One thing I’m loving in Europe right now is the custom Coke bottles. I’m not sure if these are in the USA right now, but this summer in each country, the Coke bottles are personalized with names and fun phrases in the local language. In Austria, we managed to find our names – or close enough, anyway. Julie found Julia, but the closest I could come to mine was “Stefan” 🙂 Julie has since found a Stefanie in Belgium, though.
That weekend, Richie and I rented a car to go to Prague for a Jimmy Eat World concert. J.E.W. was a band we bonded over in college, and when we learned they’d be in driving distance we snapped up tickets. Since we went to Prague for tourism purposes last fall with my parents, we just booked a hotel close to the venue and made it an overnight trip.
The concert was FABULOUS. It was a tiny venue (probably the smallest I’ve actually been in) which made the concert really intimate and fun. The band members were making eye contact with everyone and kept saying, “This is so much fun!” We decided to sit at the balcony so we’d stay out of the “crowd”, which was awesome because we were still really close to the stage and got to sit the entire time. Yes, I’m old.
The other fabulous thing was that the band went onstage at a little after 8, so they were done around 10 even though they played a full set. Afterwards, Richie and I went to a little wine bar down the street from our hotel and enjoyed a little wine, cheese, and political discussion. Yep, that’s how we roll post-concert.
This week, our friend Aaron came to Budapest for the second time, and mentioned that he’d wanted to go to Vienna for awhile. Richie and I looked at each other and said, well, wanna go tomorrow? Richie, of course, had to work 🙂 But Aaron and I popped over to the train station, bought round-trip tickets, and five minutes later were sitting on a train to Vienna. It’s pretty fabulous how a trip like that can just happen with no prior planning.
Since I’d only been to Vienna twice to go shopping, and hadn’t done any sightseeing while there (I know, I know) we stuck to the basics. We started off with the St. Stephen’s Cathedral:
Then we wandered around the corner to St. Peter’s:
And spent the majority of our afternoon at the Hofburg Palace:
We toured the silver and china collection of the Hapsburgs, which filled something like 20 rooms, each of which contained more than 1,000 kilos of dinnerware. There was even a person whose title was something like Master of Silverware. Crazy. We also toured the Sisi exhibit, which covers the life and death of Queen Elisabeth/Erzsebet. The Austrian exhibit showcased a totally different part of her life than the Hungarian exhibits I’ve seen – this one focused on her depression after the death of two of her children and her very emotional poetry. We also toured the imperial apartments, where Sisi and Franz Joseph lived during their reign. Sadly, no photos were allowed (you don’t mess with Austrian museum guards… or at least I don’t) but it was all gorgeous, opulent, and incredibly sad.

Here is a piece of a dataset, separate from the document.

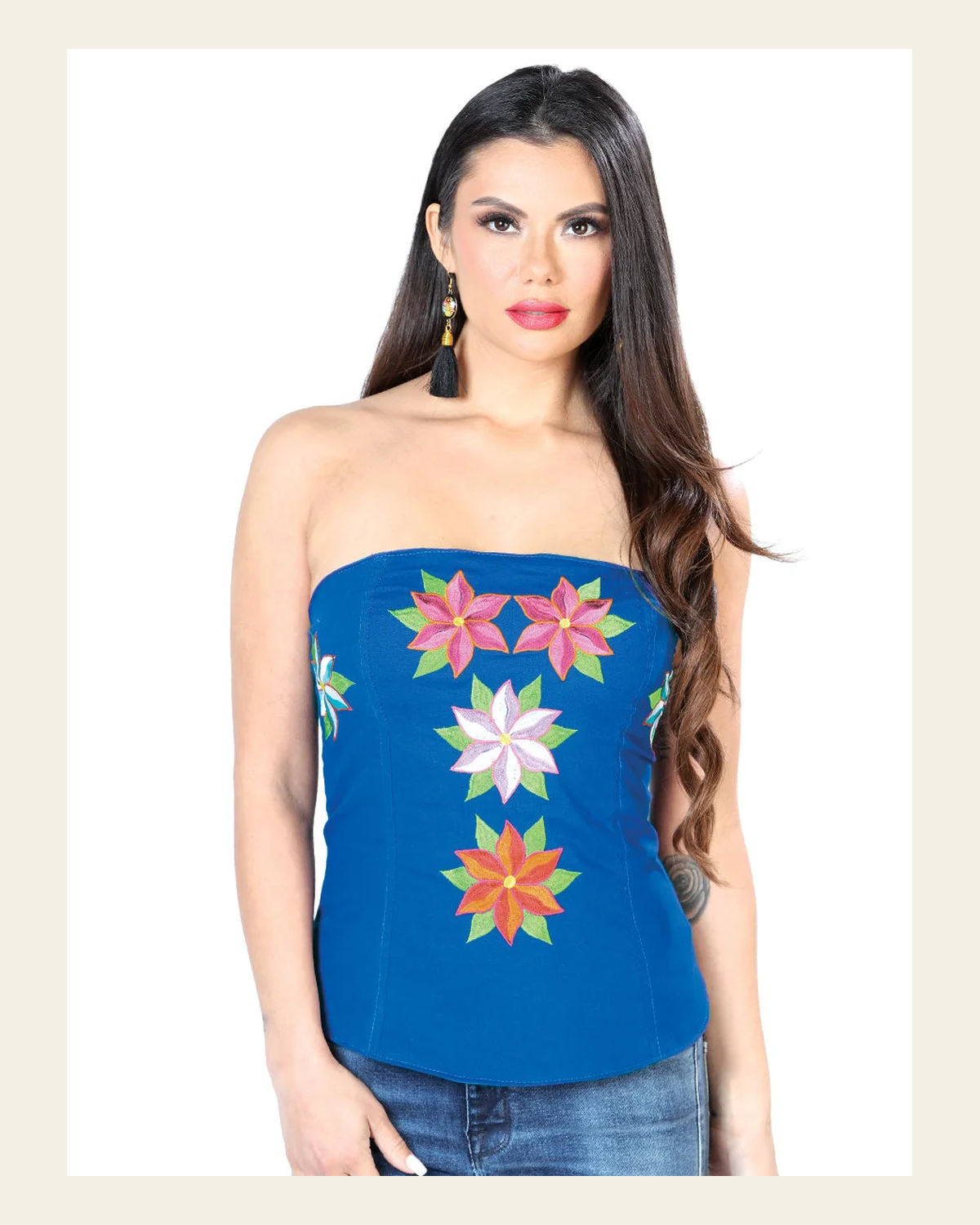 Artisanal Embroidered Blouse 100% Cotton Royal Blue 603901 on a warm cream background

You could tell exactly how obsessed Sisi was with her appearance by the amount of exercise equipment, diary notations of diets, and photos of herself on the walls.

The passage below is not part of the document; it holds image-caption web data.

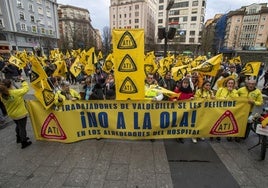 Manifestación celebrada a finales de enero pidiendo la «marcha atrás» de la OLA que se prevé implantar en Cazoña, en el entorno de Valdecilla.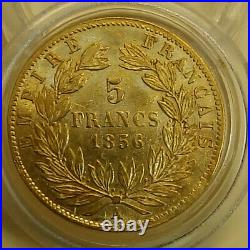France French Napoleon III 5 Francs Gold 1856 A PARIS Very Nice Rare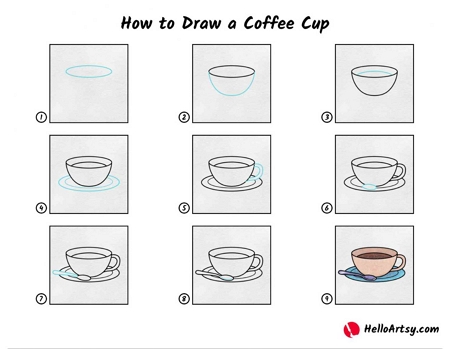 HOW TO DRAW A CUTE COFFEE CUP, STEP BY STEP 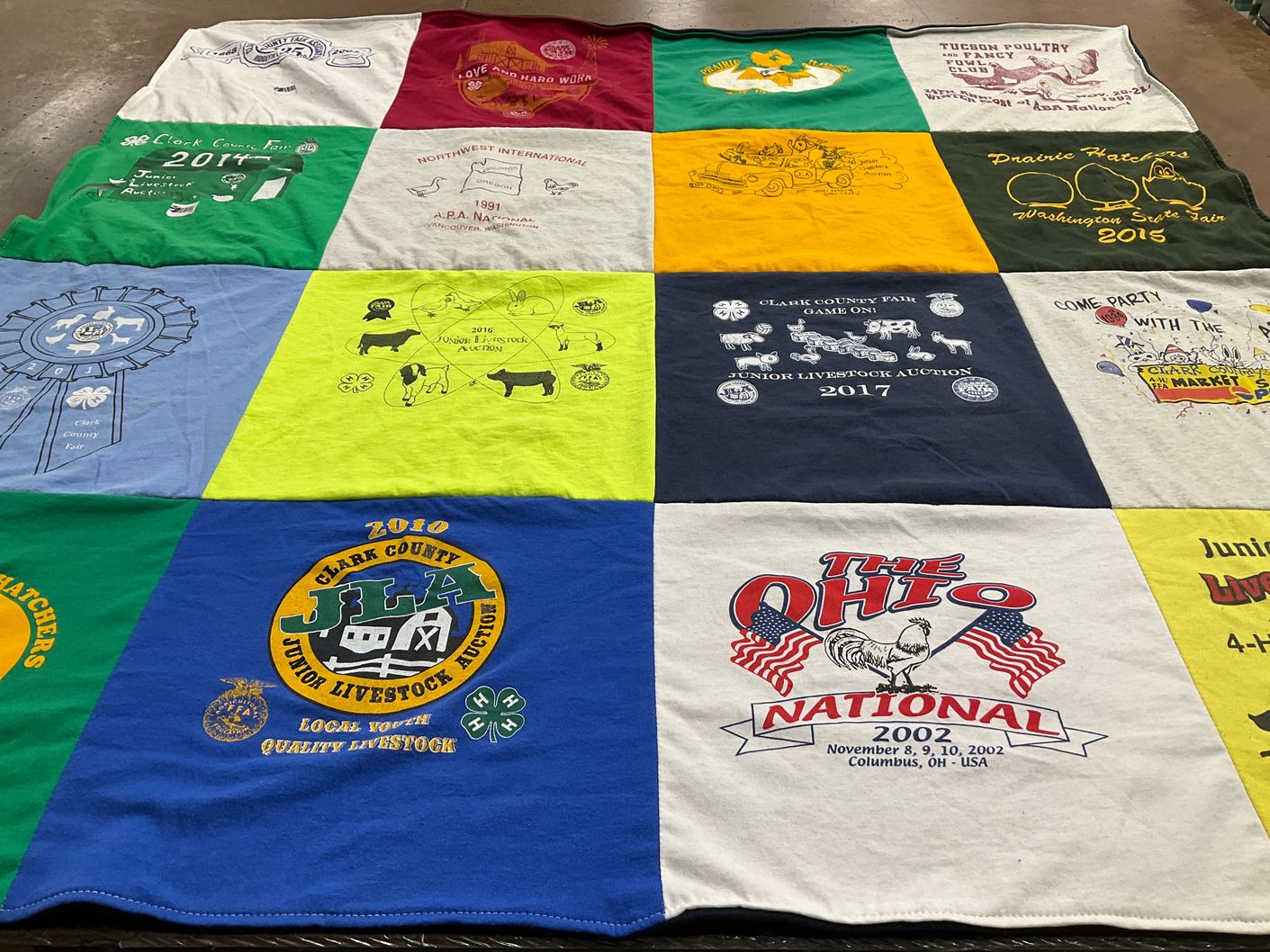 T-shirt quilt with agriculture, livestock themes by Laurie from WA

Our last stop of the day was the crypts, where there were the tombs of Maria Theresa and her husband:
And of Sisi, her husband, and her son (whose death in a murder-suicide pact led to Sisi’s complete downward spiral).

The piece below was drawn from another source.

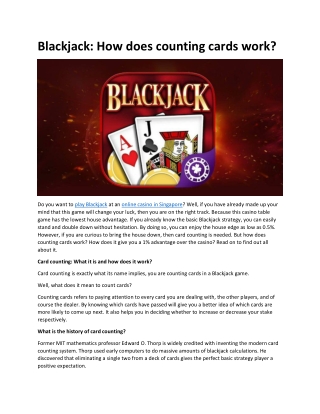 Blackjack Counting Cards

The crypts were fascinating – there were tombs of many of the royals throughout the ages, and you could tell how revered they were by the prominence of the tomb and the decorations on it.
We finished touring just in time to stop in a cute little nativity shop (and be lectured by the shopkeeper for the actions of the NSA, as though we personally were agents of the US government) and catch the last train outta town.